Presumably you've told the DVD player to downmix aduio to stereo when using the optical output? You must have done otherwise the DAC wouldn't be able to handle the signal (it's two-channel only).

My setup is:

* Beresford Caiman

* Apple MacBook Pro (connected to Beresford Caiman via Airport Express)

* Dynaudio MC-15 active speakers (using Beresford Caiman as preamp)

* Cheap DVD player: Promac DVDG-300 (or using the Apple's DVD drive), both connected via optical cable.

Would a better DVD player help? Though I thought the Beresford would bypass it.

Possibly, the cheap DVD player may not be very accomplished at downmixing 5.1 channels to stereo.

What soundtrack do you choose when watching DVDs? I think most have the option of a stereo soundtrack instead of the 5.1, is that what you're using?

A related beginner's question: if eventually I buy a Blu-Ray player would HD audio actually work within this system?

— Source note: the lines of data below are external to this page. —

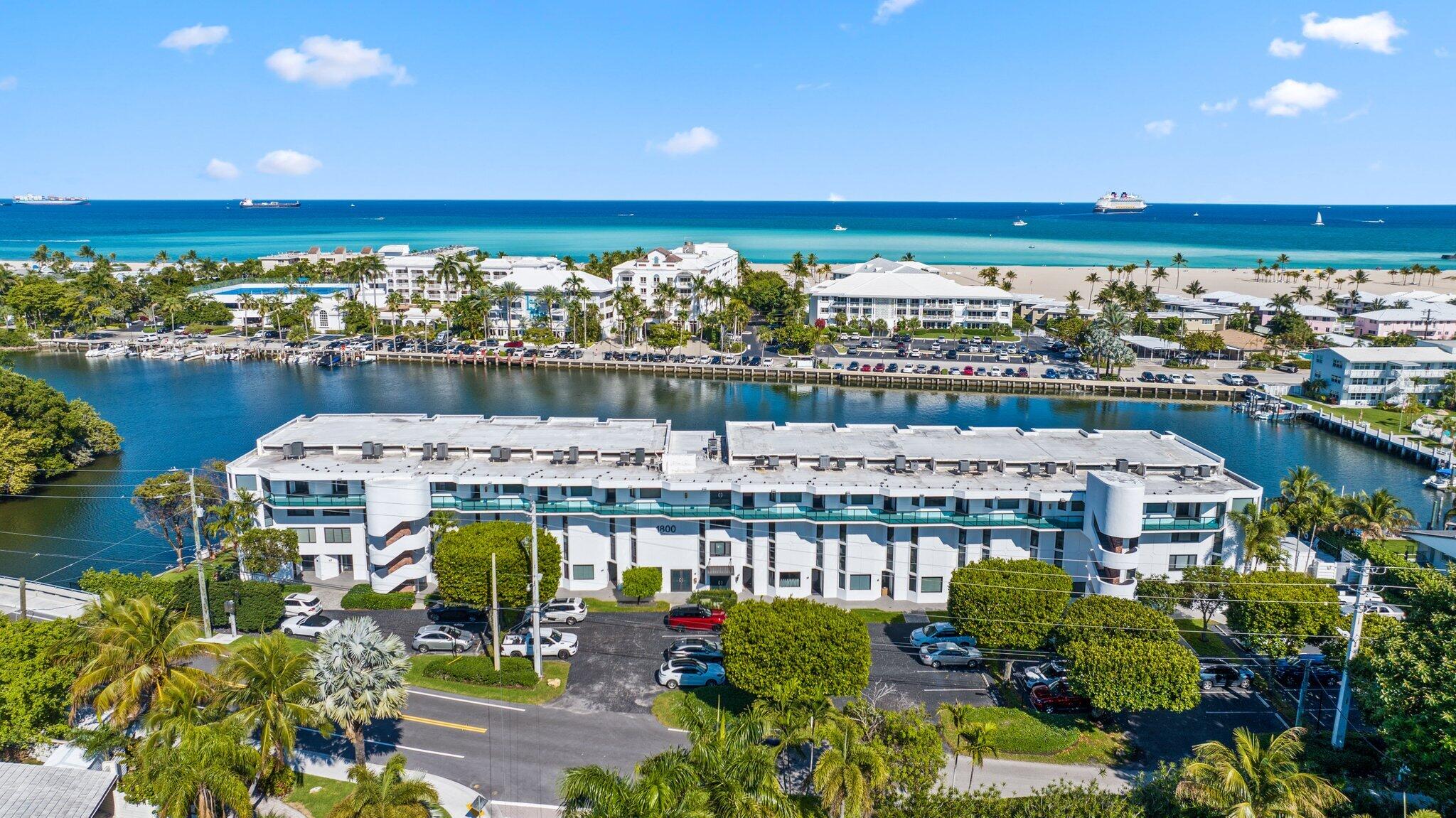 TOWNHOUSES AT HARBOR BEACH CONDO - Residential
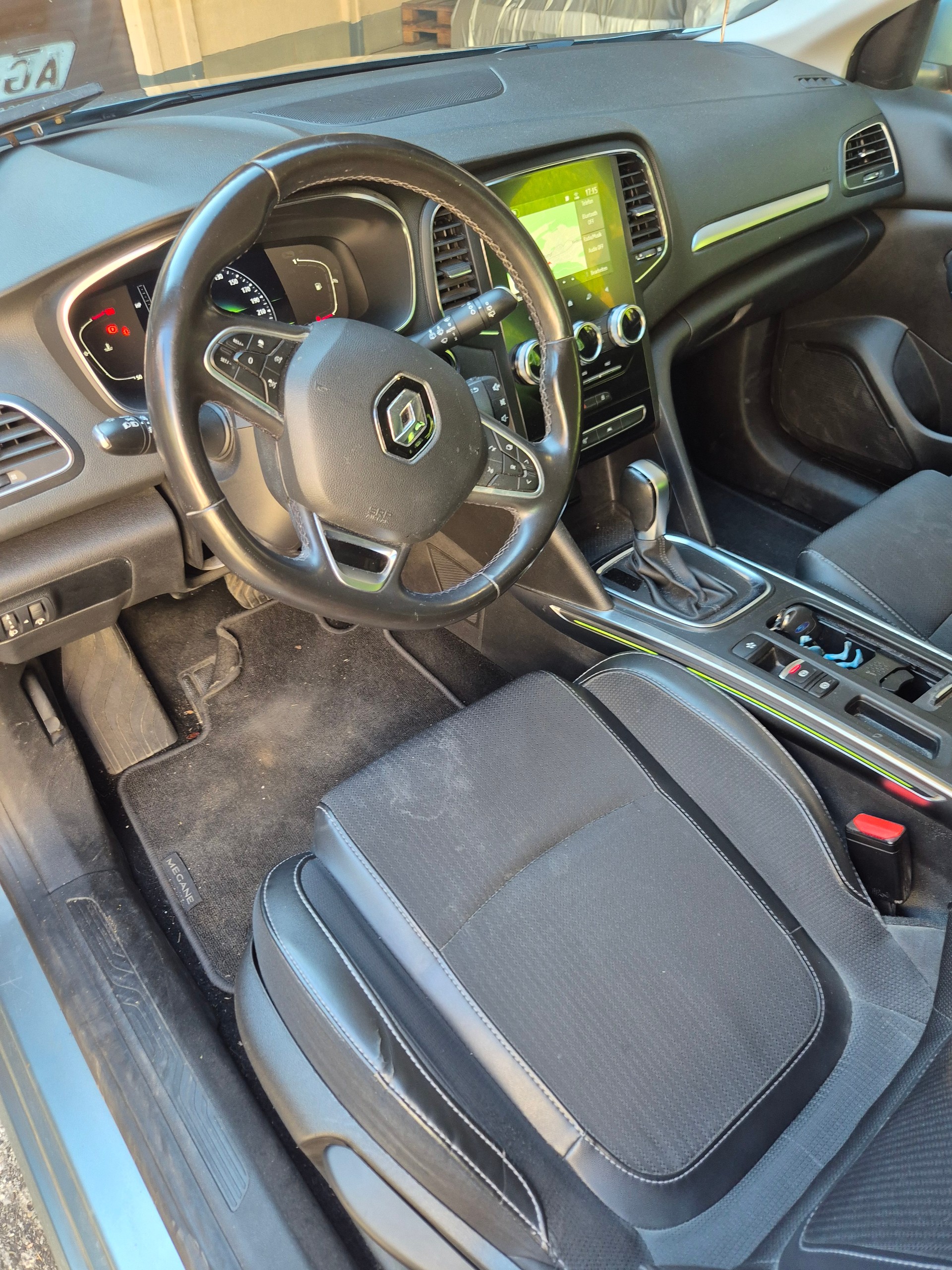 RENAULT Mégane Grandtour 1.3 16V Edition One EDC-image-7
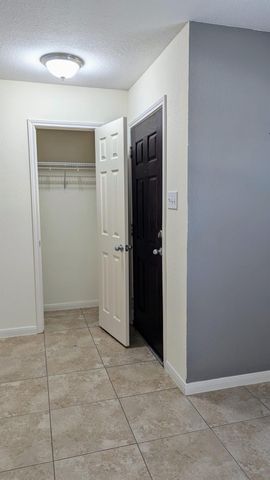 16310 Cole Bridge Lane, Cypress, TX 77429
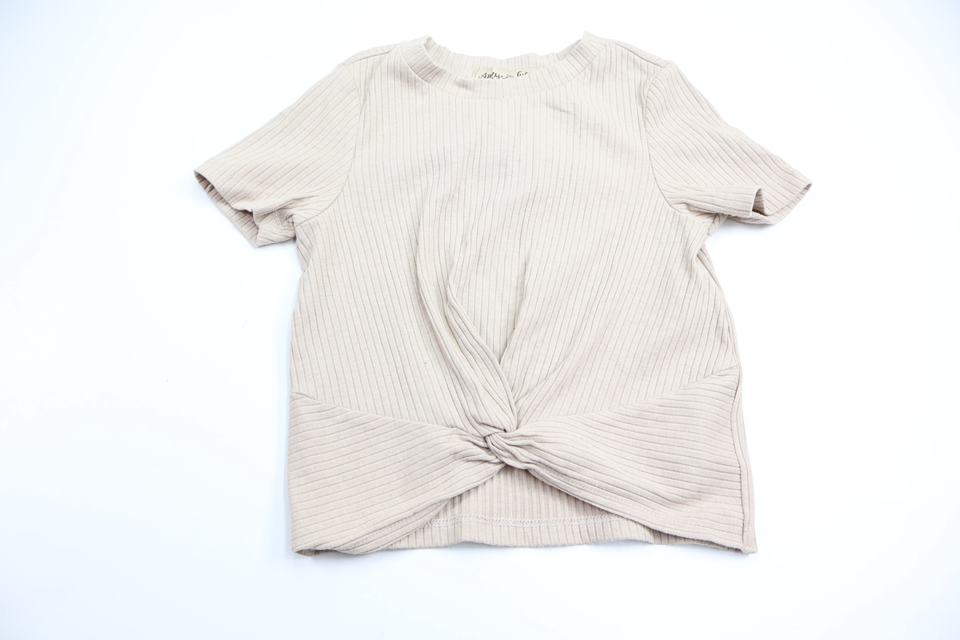 Ribbad tröja från Amy & Lucy - Storlek 98/104 - Beige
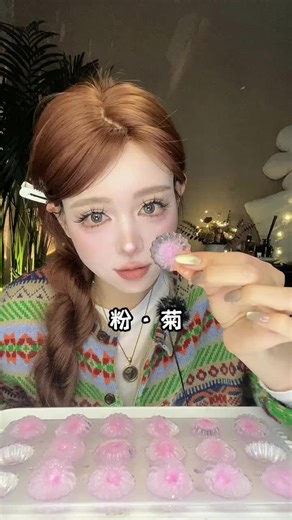 Delightful Solid Daisy Ice Eating Experience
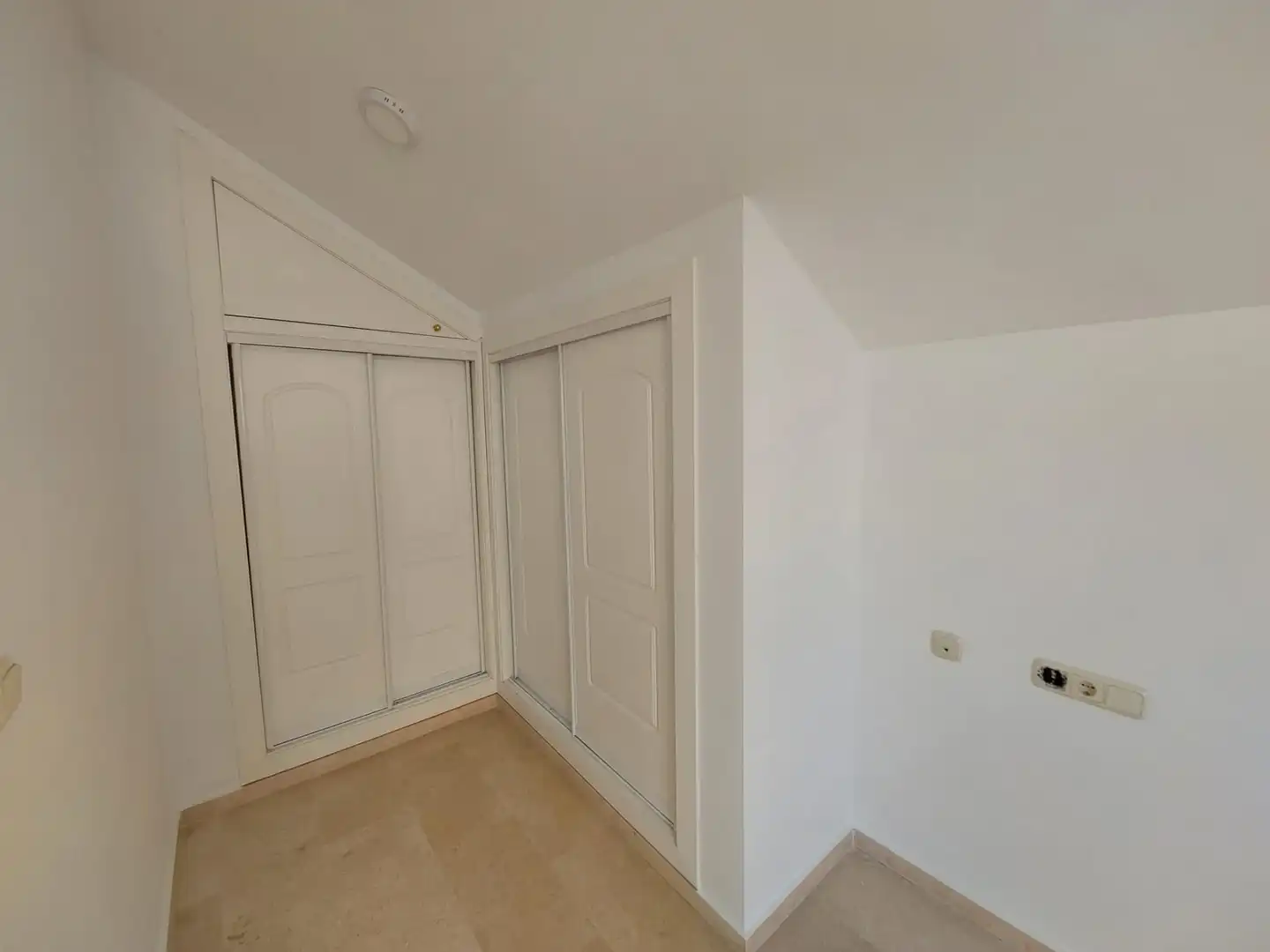 Habitación de Dúplex en venta en Marbella con Aire acondicionado y Terraza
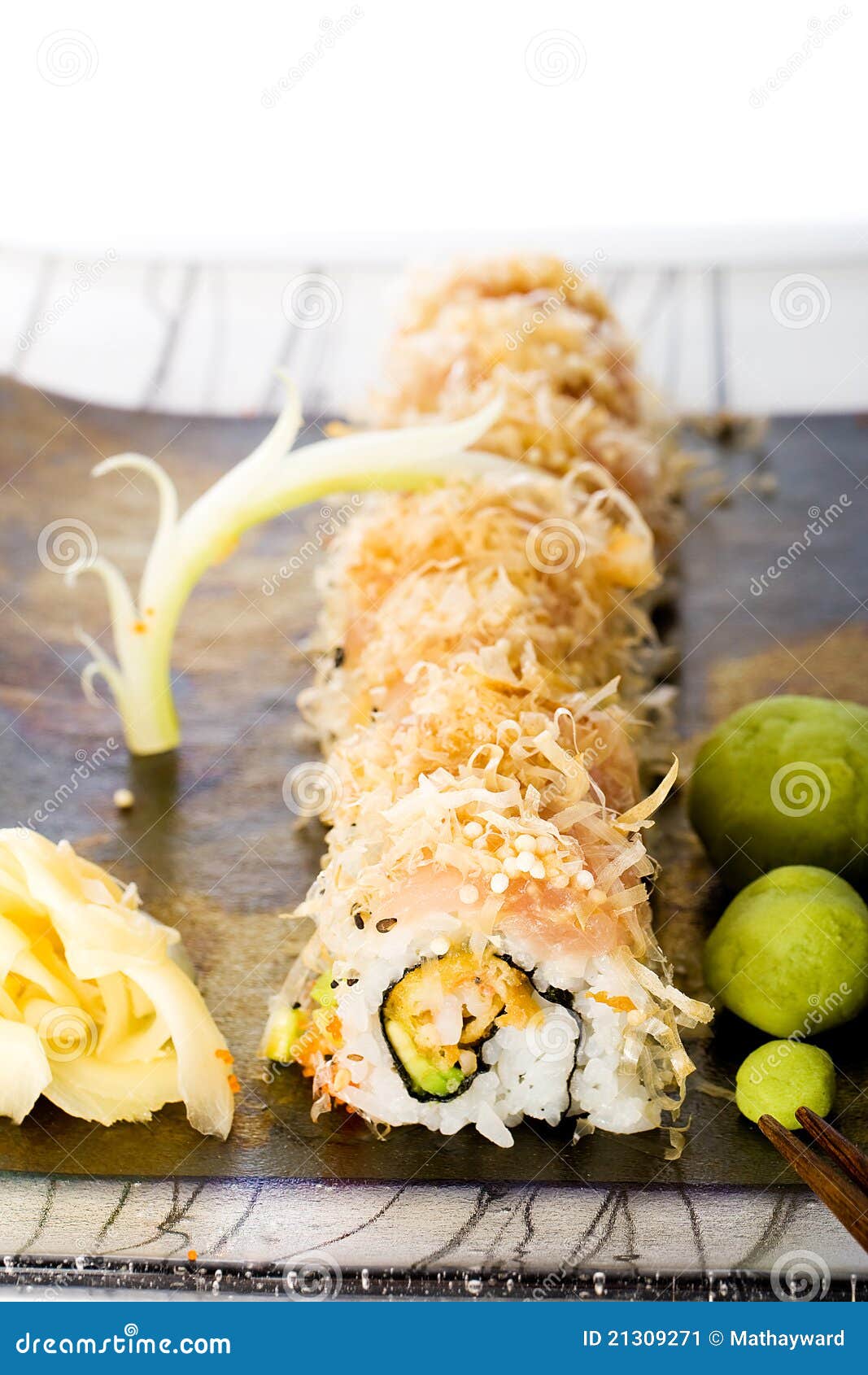 金枪鱼外卷寿司的做法_【图解】金枪鱼外卷寿司怎么做如何做好吃_金枪鱼外卷寿司家常做法大全_暗黑料理系学森_豆果美食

No it wouldn't, you need to connect via HDMI for HD audio (or multi-channel analogue outputs but you don't have that option), connecting via optical or coaxial will just give you the standard audio, again downmixed to stereo as you're only running a two channel system.
 

manicm

Well-known member
There is most likely nothing wrong with your equipment or your setup. This is unfortunately just the nature of downsizing AV to stereo - as I have for the past 8 years.

And it is worse with Blu-ray. Remember, when producers direct a movie they dedicate a single channel for the main dialogue only. So this is lost in a stereo setup.

The only solution is the brutal solution - crank your volume up.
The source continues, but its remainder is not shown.